Es gibt diese Bands: Man kennt sie, man liebt sie, aber der junge Punk mit dem NOFX-T-Shirt in der Straßenbahn neben dir kennt sie nicht – noch nicht. FACE TO FACE sind eine solche Band: seit zehn Jahren unterwegs, steht das Trio aus Kalifornien in den USA auf einer Stufe mit Bands wie LAGWAGON. In Europa hingegen
genießt die Truppe immer noch den Status eines Geheimtipps. Woran das liegt und wie Trever Keith (Gitarre, Gesang), Scott Shiflett (Bass, Background Vocals) und Pete Parada (Drums) das jetzt ändern wollen, erfuhr ich von Pete.

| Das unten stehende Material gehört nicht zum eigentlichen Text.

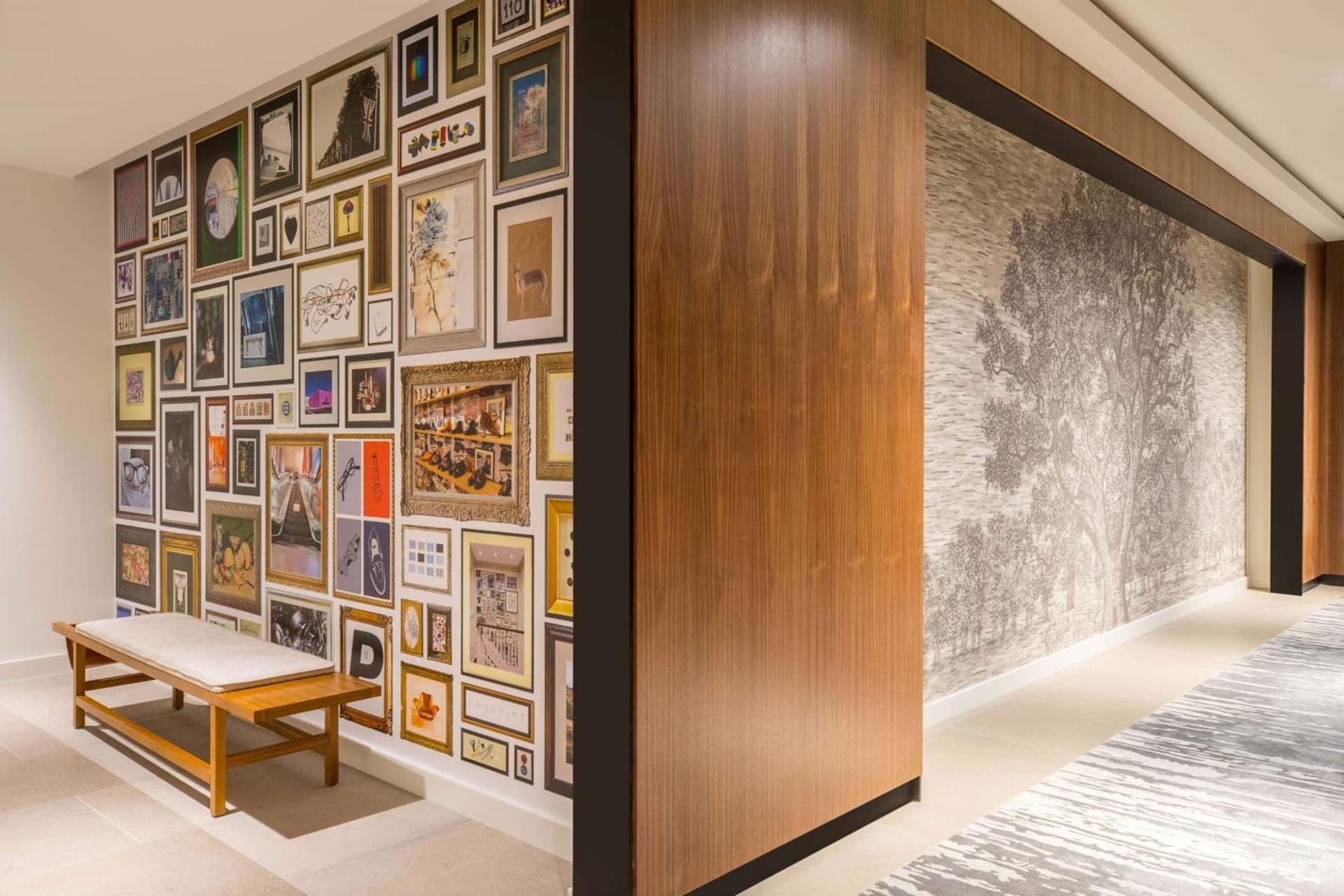 C. Baldwin, Curio Collection by Hilton gallery photo in Houston, TX — image 31
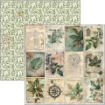 Picture of Ciao Bella Μπλοκ Scrapbooking Διπλής Όψεως 12” x 12” - Cabinet of Curiosities   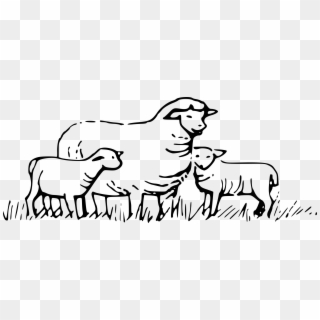 Sheep In Field Icons Png - Herd Of Sheep Clipart Transparent Png
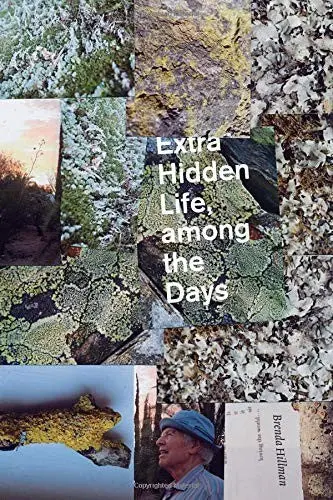 Hillman, Brenda: Extra Hidden Life, Among The Days 1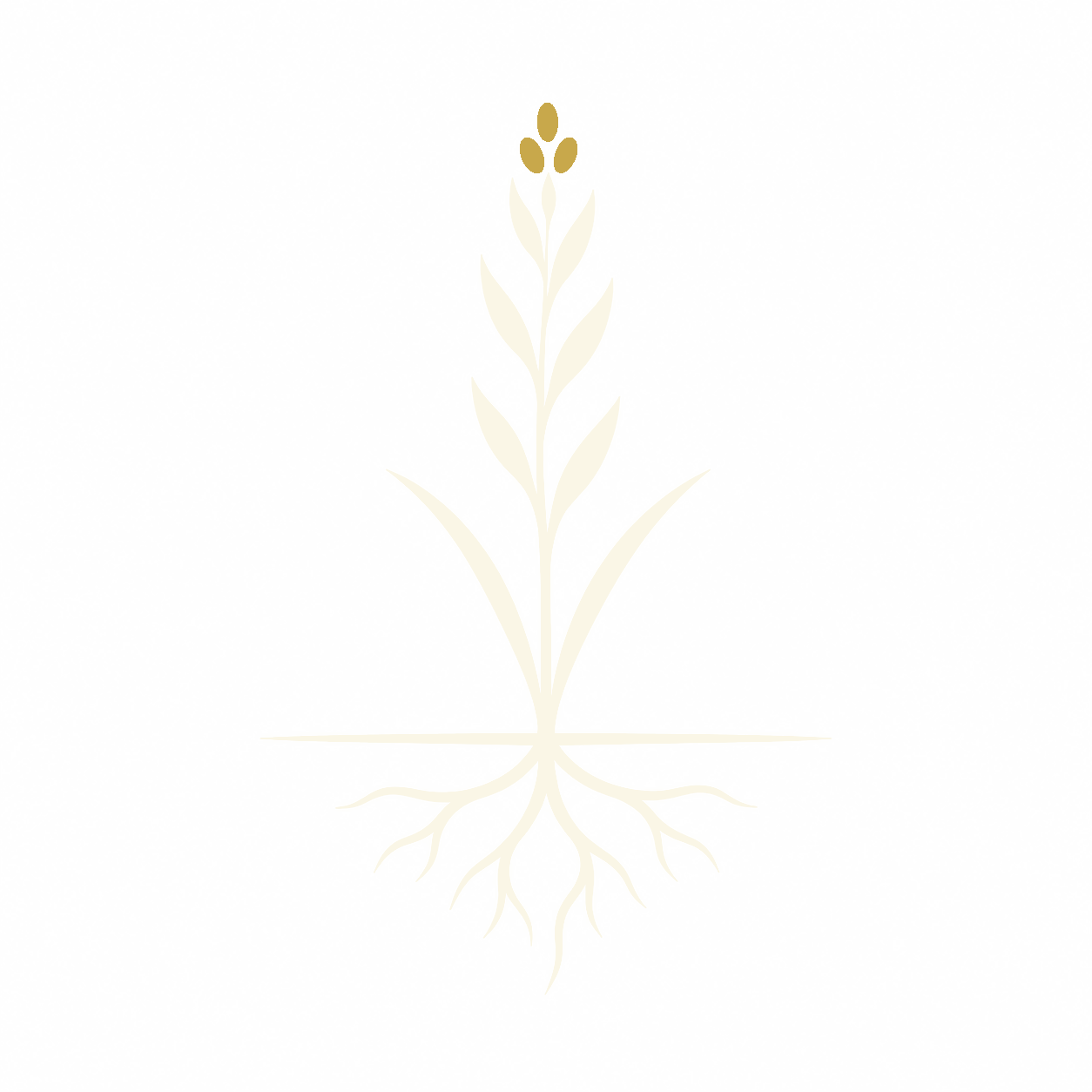 Prairie Roots Restoration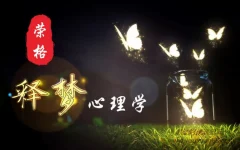 荣格原型释梦分析心理学20讲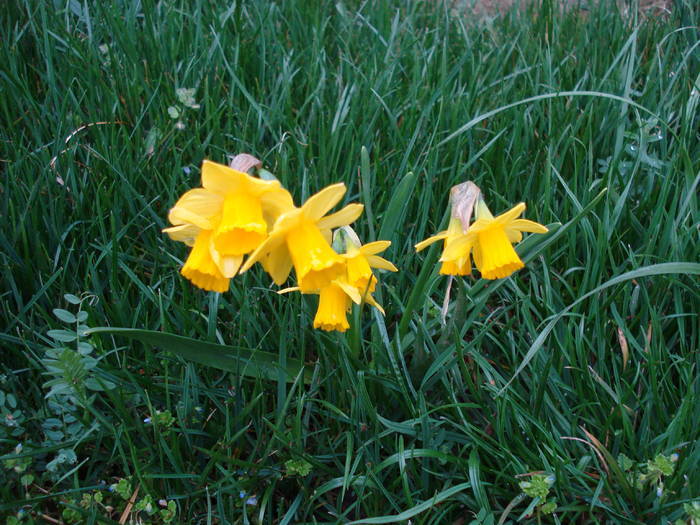 Daffodil Tete-a-Tete (2009, April 02) - Narcissus Tete Tete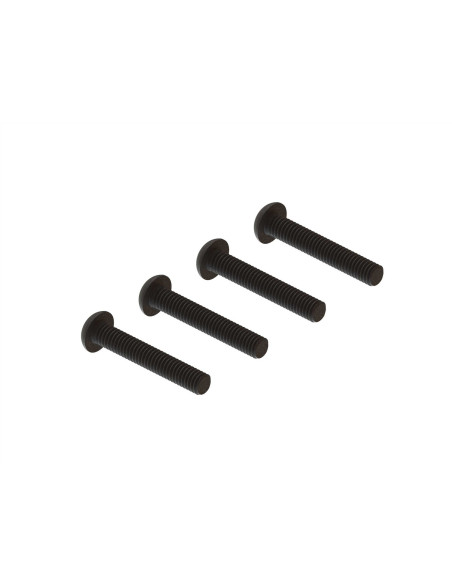 Button Head Screw  M4x24mm (4)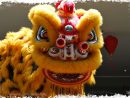 Danse Du Lion &amp; Dragon pour Spectacle Danse Chinoise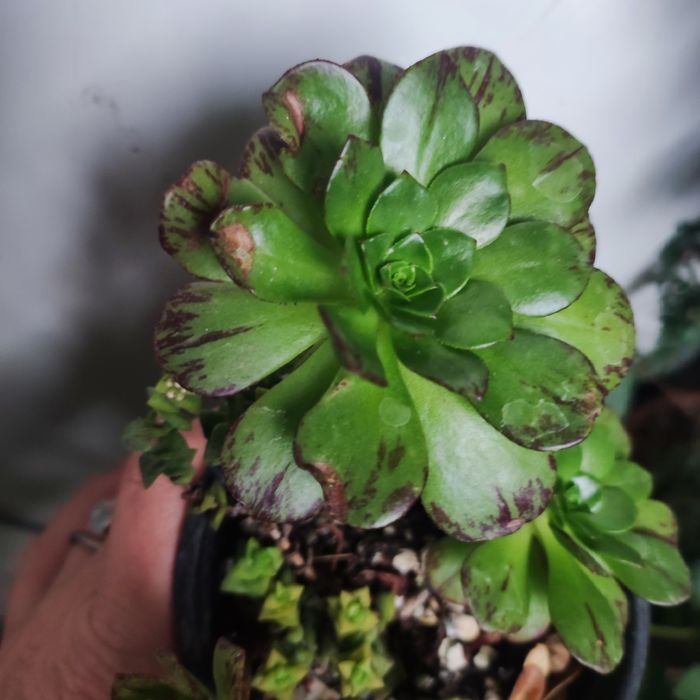 Аеоніум aeonium fiesta var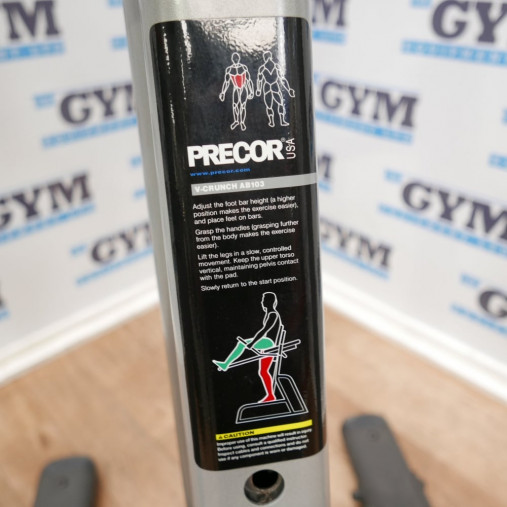 Живая фото от клиента PRECOR AB 103 Подъем коленей к груди с отягощением 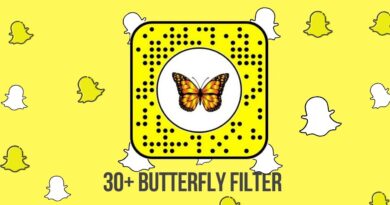 Unlock the Butterflies Lens on Snapchat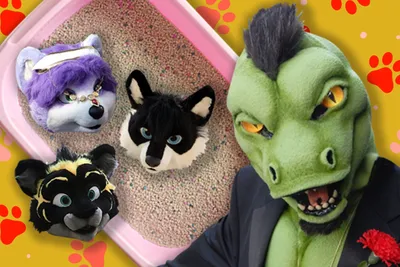 Real-life furries: I am a not a cat litter box joke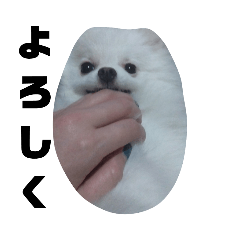 [LINEスタンプ] ポメラニアンおこわ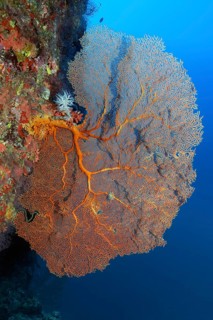 Coral reef wall with gorgonian
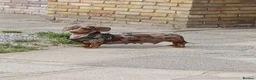 Miniature Dachshund dogs for sale: Miniature dachshunds - Advert 2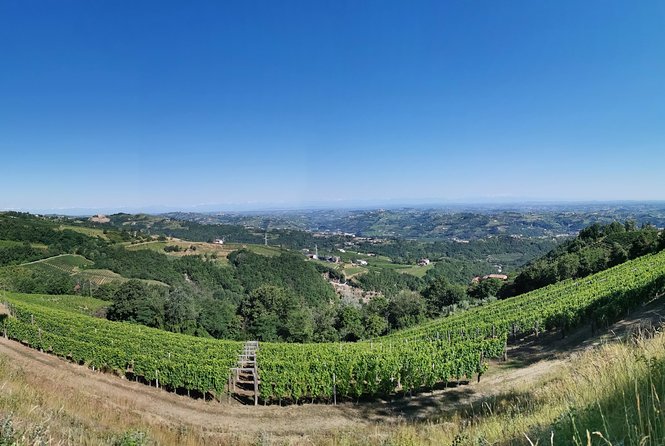Barolo&Barbaresco Wine Experience with a local winemaker - Castagnole Lanze and the work of growing vines
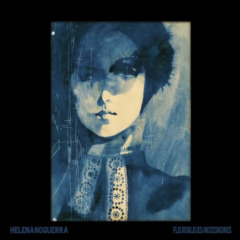 Helena Noguerra - Fleurs bleues_Noces noires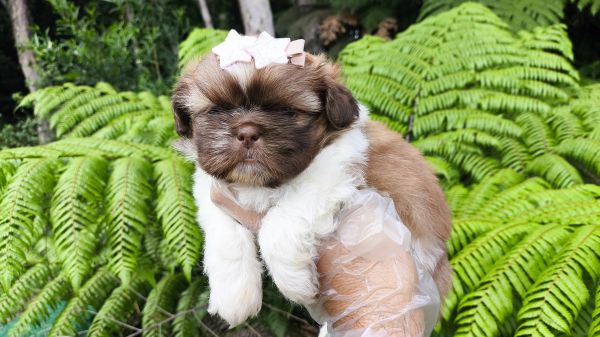 Filhotes de SHIH-TZU maravilhosos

Ihr habt gerade eure US-Tour beendet. Wie lief es?
Oh, sehr gut. Wir waren sieben Wochen lang mit MIDTOWN, THE MOVIELIFE und THRICE unterwegs. Fast alle Shows waren mit 1.200 bis 1.500 Leuten ausverkauft. Außerdem hatten wir diese Aktion laufen: Aus jeder Stadt, in der wir spielten, konnten sich junge Bands bei uns bewerben, um vor heimischen Publikum den Opener zu stellen. Die Resonanz war überwältigend. 700 Tapes aus den ganzen USA gingen bei uns ein, die wir alle durchhören mussten. Viel Arbeit, aber auch viel Spaß. Unser Sänger Trever hatte die Idee, jungen Bands damit ein wenig auf die Sprünge zu helfen. Das Potential an Gruppen ohne Plattenvertrag ist wirklich erstaunlich. Viele der Kids konnten kaum glauben, dass sie im Vorprogramm einer ihrer Lieblingsbands auftreten durften. Solch eine Aktion hätten wir uns gewünscht, als es damals mit FACE TO FACE losging.
In Europa steht euer Durchbruch immer noch aus. Warum habt ihr es bislang nicht geschafft?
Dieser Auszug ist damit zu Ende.